BTW: we have upgraded to OpenMPI 4.1 perhaps this resolves some issues?
Barry
> On Mar 22, 2021, at 2:07 PM, Eric Chamberland
> <[email protected]> wrote:
>
> I added some information here:
>
> https://github.com/xiaoyeli/superlu_dist/issues/69#issuecomment-804318719
> <https://github.com/xiaoyeli/superlu_dist/issues/69#issuecomment-804318719>
> Maybe someone can say more than I on what PETSc tries to do with the 2
> mentioned tutorials that are timing out...
>
> Thanks,
>
> Eric
>
>
>
> On 2021-03-15 11:31 a.m., Eric Chamberland wrote:
>> Reported timeout bugs to SuperLU_dist too:
>>
>> https://github.com/xiaoyeli/superlu_dist/issues/69
>> <https://github.com/xiaoyeli/superlu_dist/issues/69>
>> Eric
>>
>>
>>
>> On 2021-03-14 2:18 p.m., Eric Chamberland wrote:
>>> Done:
>>>
>>> https://github.com/hypre-space/hypre/issues/303
>>> <https://github.com/hypre-space/hypre/issues/303>
>>> Maybe I will need some help about PETSc to answer their questions...
>>>
>>> Eric
>>>
>>> On 2021-03-14 3:44 a.m., Stefano Zampini wrote:
>>>> Eric
>>>>
>>>> You should report these HYPRE issues upstream
>>>> https://github.com/hypre-space/hypre/issues
>>>> <https://github.com/hypre-space/hypre/issues>
>>>>
>>>>
>>>>> On Mar 14, 2021, at 3:44 AM, Eric Chamberland
>>>>> <[email protected]
>>>>> <mailto:[email protected]>> wrote:
>>>>>
>>>>> For us it clearly creates problems in real computations...
>>>>>
>>>>> I understand the need to have clean test for PETSc, but for me, it
>>>>> reveals that hypre isn't usable with more than one thread for now...
>>>>>
>>>>> Another solution: force single-threaded configuration for hypre until
>>>>> this is fixed?
>>>>>
>>>>> Eric
>>>>>
>>>>> On 2021-03-13 8:50 a.m., Pierre Jolivet wrote:
>>>>>> -pc_hypre_boomeramg_relax_type_all Jacobi =>
>>>>>> Linear solve did not converge due to DIVERGED_INDEFINITE_PC iterations
>>>>>> 3
>>>>>> -pc_hypre_boomeramg_relax_type_all l1scaled-Jacobi =>
>>>>>> OK, independently of the architecture it seems (Eric Docker image with 1
>>>>>> or 2 threads or my macOS), but contraction factor is higher
>>>>>> Linear solve converged due to CONVERGED_RTOL iterations 8
>>>>>> Linear solve converged due to CONVERGED_RTOL iterations 24
>>>>>> Linear solve converged due to CONVERGED_RTOL iterations 26
>>>>>> v. currently
>>>>>> Linear solve converged due to CONVERGED_RTOL iterations 7
>>>>>> Linear solve converged due to CONVERGED_RTOL iterations 9
>>>>>> Linear solve converged due to CONVERGED_RTOL iterations 10
>>>>>>
>>>>>> Do we change this? Or should we force OMP_NUM_THREADS=1 for make test?
>>>>>>
>>>>>> Thanks,
>>>>>> Pierre
>>>>>>
>>>>>>> On 13 Mar 2021, at 2:26 PM, Mark Adams <[email protected]

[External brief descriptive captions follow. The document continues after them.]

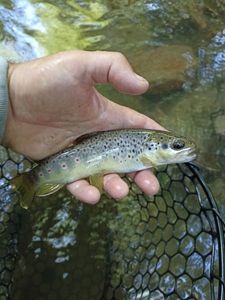 Brown Trout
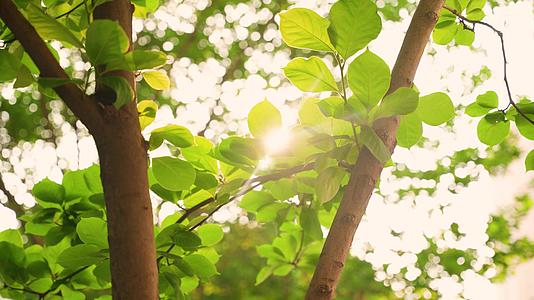 夏日阳光树叶风景空镜4k视频的预览图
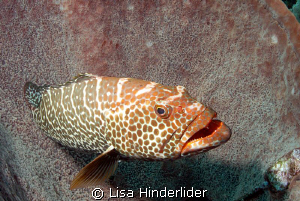 I like how this grouper just lays inside the barrel spong... by Lisa Hinderlider 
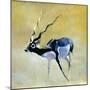 Black Buck, Velavadar, 1997-Mark Adlington-Mounted Giclee Print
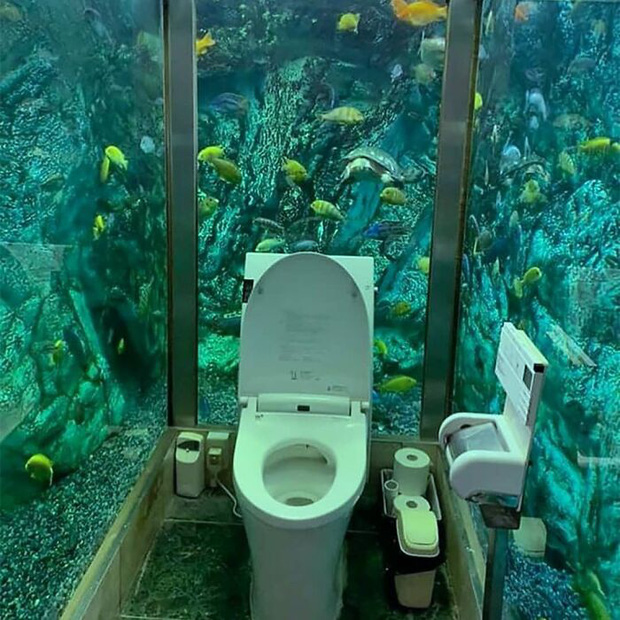 0f5fc79f3d48e00dfd61.jpg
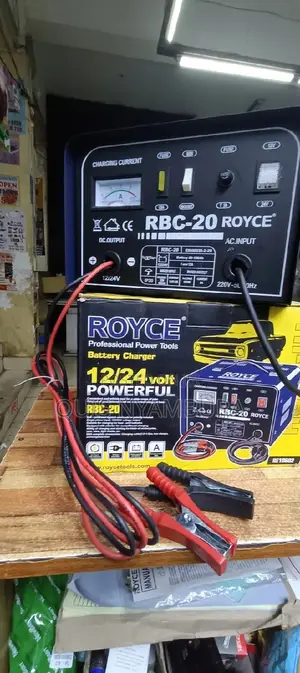 Professional Battery Charger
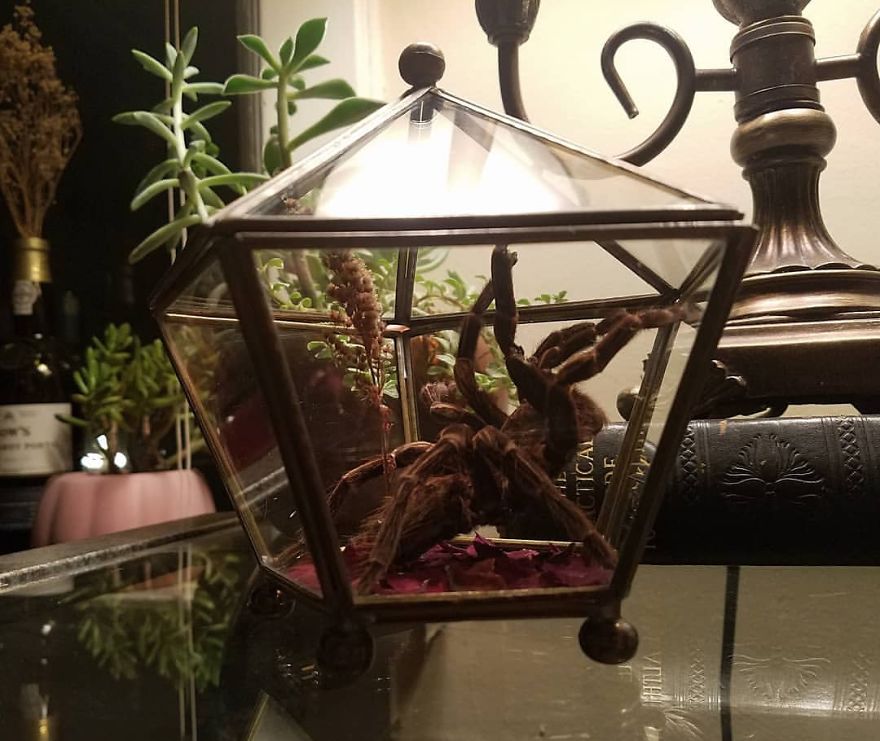 I Create Baroque And Gothic Wall Mounts Out Of Taxidermied Spiders I Create Baroque And Gothic Wall Mounts Out Of Taxidermied Spiders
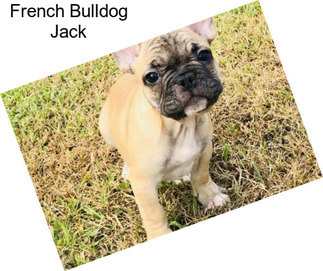 French Bulldog Jack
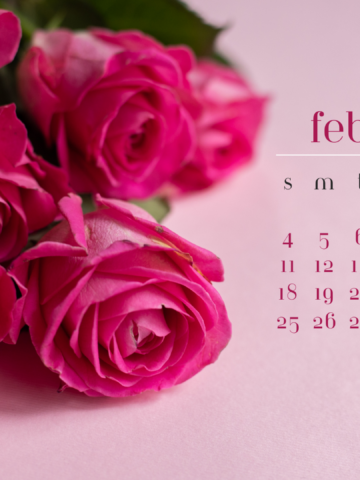 Free February 2024 Desktop Calendar Backgrounds; Here are your free February backgrounds for computers and laptops. Tech freebies for this month!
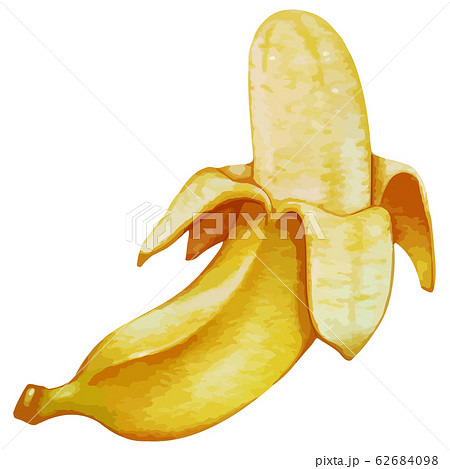 ｂａｎａｎａのイラスト素材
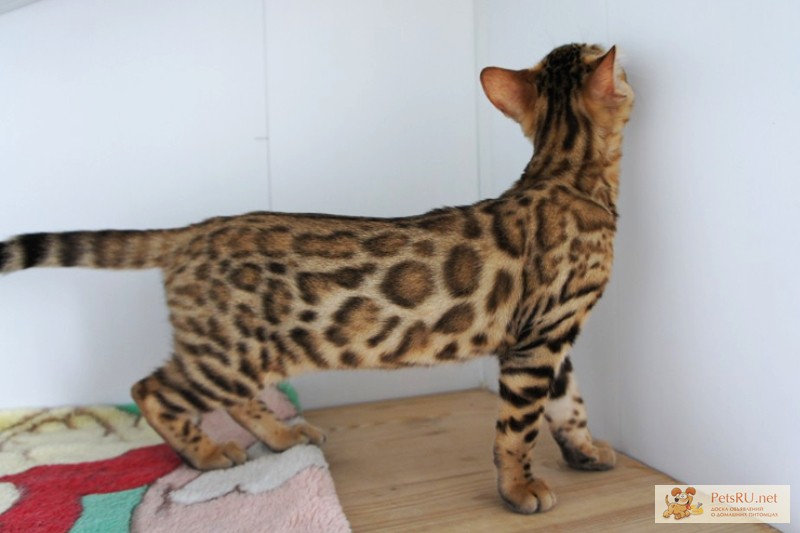 Бенгальский котенок с дефектом - 5000 руб.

>>>>>>> <mailto:[email protected]>> wrote:
>>>>>>>
>>>>>>> Hypre uses a multiplicative smoother by default. It has a chebyshev
>>>>>>> smoother. That with a Jacobi PC should be thread invariant.
>>>>>>> Mark
>>>>>>>
>>>>>>> On Sat, Mar 13, 2021 at 8:18 AM Pierre Jolivet <[email protected]
>>>>>>> <mailto:[email protected]>> wrote:
>>>>>>>
>>>>>>>> On 13 Mar 2021, at 9:17 AM, Pierre Jolivet <[email protected]
>>>>>>>> <mailto:[email protected]>> wrote:
>>>>>>>>
>>>>>>>> Hello Eric,
>>>>>>>> I’ve made an “interesting” discovery, so I’ll put back the list in c/c.
>>>>>>>> It appears the following snippet of code which uses Allreduce() +
>>>>>>>> lambda function + MPI_IN_PLACE is:
>>>>>>>> - Valgrind-clean with MPICH;
>>>>>>>> - Valgrind-clean with OpenMPI 4.0.5;
>>>>>>>> - not Valgrind-clean with OpenMPI 4.1.0.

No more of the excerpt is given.